What is big.LITTLE?
ARM’s big.LITTLE arch made big waves on launch way back in 2011; it was heralded as a great way to combine performance with power: a “big” (computationally powerful but power hungry) core was to be coupled with a “LITTLE” (slow but low-power) core – and switched as needed. The way they would be switched has changed as both the SoCs and the OS scheduler managing it all have evolved – but as we shall see not necessarily for the better.
The “poster child” for big.LITTLE has been Samsung’s Exynos family of SoCs as used in their extremely popular range of Galaxy phones and tablets (e.g. S4, S5; Note 3, 4; Tab Pro, S; etc.) so we shall use them to discuss – and benchmark – various big.LITTLE switching techniques.
Clustered Switching (CS)
CS was the first type of switching used that arranged the big cores into a “big cluster” and LITTLE cores into a “LITTLE cluster” – with the whole clusters switched in/out as needed. Exynos 5410 SoC (e.g. in Galaxy S4) thus had 4 Cortex A15 cores in the big cluster and 4 Cortex A7 in the LITTLE cluster – 8 cores in total – but only 4 cores could be used at any one time:
Working out when to switch clusters optimally was difficult – especially with users demanding “no lag” but also good battery time: you want quick ramping of speed on events (fast interaction) but also quick sleep. Do it too conservatively you get “lag”; do it too many times you use too much power.
On single-threaded workloads, 1 high-compute thread would require the whole big cluster to be switched on thus wasting power (theoretically the other 3 cores could have been parked/disabled but the scheduler did not implement this) or run slower on the LITTLE cluster.
But it was “symmetric multi-processing” (SMP) – aka all cores were the same (either all big or all LITTLE), thus making parallel code “easy” with symmetric workloads for each core.
In-Kernel Switching (IKS)
IKS added granularity by arranging each big and LITTLE core in one cluster – with the cores within each cluster switched in/out as needed. Exynos 5420 SoC (e.g. in Note 4) thus had 4 clusters, each made up of one Cortex A15 + one Cortex A7 core – 8 cores in total – but again only 4 cores could be used at any one time:
Working out when to switch cores in each cluster was thus easier depending on the compute workload on each cluster – some clusters may have the big core active while others may have the LITTLE core active.
While we no longer had “true SMP” – programmers could still assume it was SMP (aka all cores the same) with the scheduler hopefully switching the same cores within each cluster given symmetrical workload on each cluster.
Heterogeneous Multi-Processing (HMP) aka Global Task Scheduling (GKS)
HMP is really a fancy name for “asymmetric multi-processing” (AMP) where not all the cores are the same and there are no more clusters (at least hardware wise) – all cores are visible.
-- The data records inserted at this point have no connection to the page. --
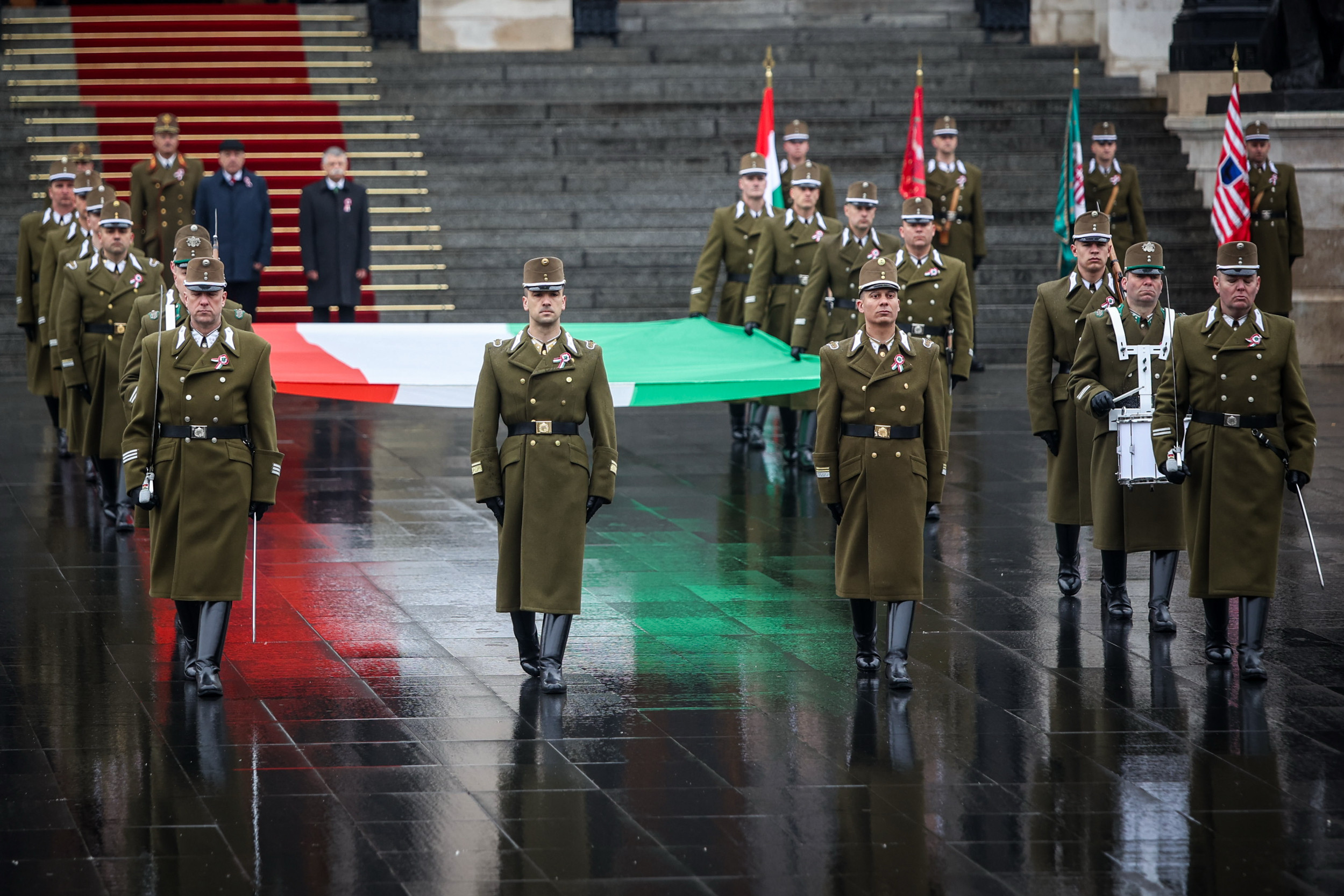 Ünnepélyes zászlófelvonás a Kossuth téren 2025. március 15-én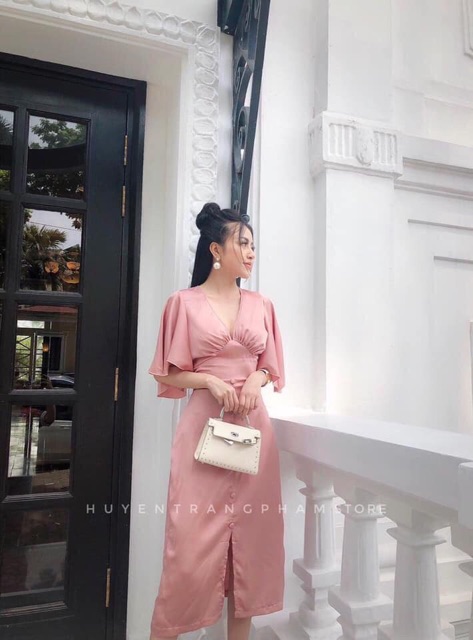 Váy lụa cổ tim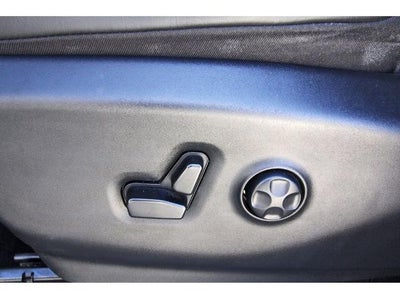 2023 Chrysler Pacifica Limited FWD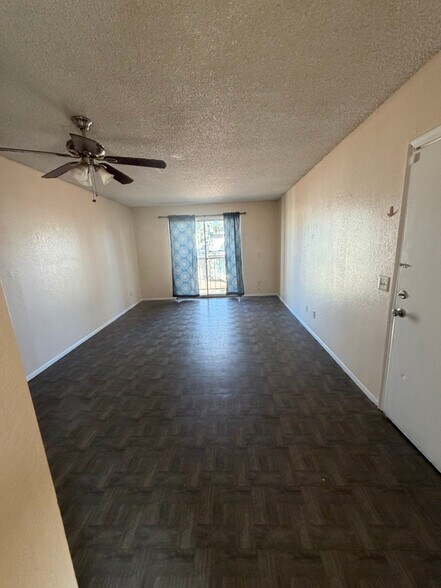 Building Photo - 2826 E Marconi Ave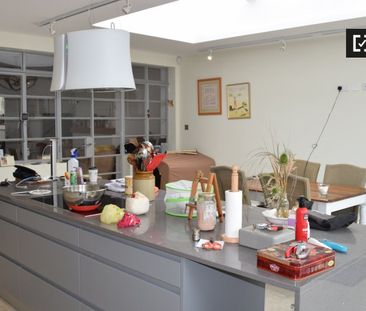 Cute room to rent in 4-bedroom house in Terenure, Dublin - Photo 5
Exynos 5433 (e.g. Note 4) thus has 4 Cortex A57 + 4 Cortex A53 cores – 8 cores in total with all 8 on-line if needed.
It is also possible to have different number of big and LITTLE cores now, e.g. Exynos 5260 had 2 big and 4 LITTLE cores, but normally the count is the same:
The scheduler can thus allocate high-compute threads on the big cores and low-compute threads on the LITTLE cores or park/disable any core to save power and migrate threads to the other cores. Server OSes have done this for years (both allocating threads on different CPUs/NUMA nodes first for performance or grouping threads on a few CPUs to park/disable the rest to save power).
Unfortunately this pushes some decisions to the app (or algorithm implementation library) programmers: is it better to use all (8 here) threads – or 4 threads? Shall the scheduling be left to the OS or the app/library? It is definitely a headache for programmers and won’t make SoC makers too happy as their latest chip won’t show the performance they were hoping for…
Is it better to use all or just the big cores? Is 4 better than 8?
While in some cultures “8” is a “lucky number” – just witness the proliferation of “octa core” SoCs almost without reason (Apple’s iPhones are still dual-core and slow they are not) – due to HMP we shall see that this is not always the case.
In x86-world, Hyper-Threading created similar issues: some computers/servers had HT disabled as workloads were running faster this way (e.g. games). Early OSes did not distribute threads “optimally” as the scheduler had no knowledge of HT (e.g. 1 core was be assigned 2 theads while the other cores were free) – thus some apps/libraries (like Sandra itself) had to use “hard scheduling” on the “right” cores or use less threads than (maximum) OS threads.
For phones/tablets there is a further issue – SoC power/thermal limits: using all cores may use more power than just the big cores – causing some (or all) cores to be “throttled” and thus run slower.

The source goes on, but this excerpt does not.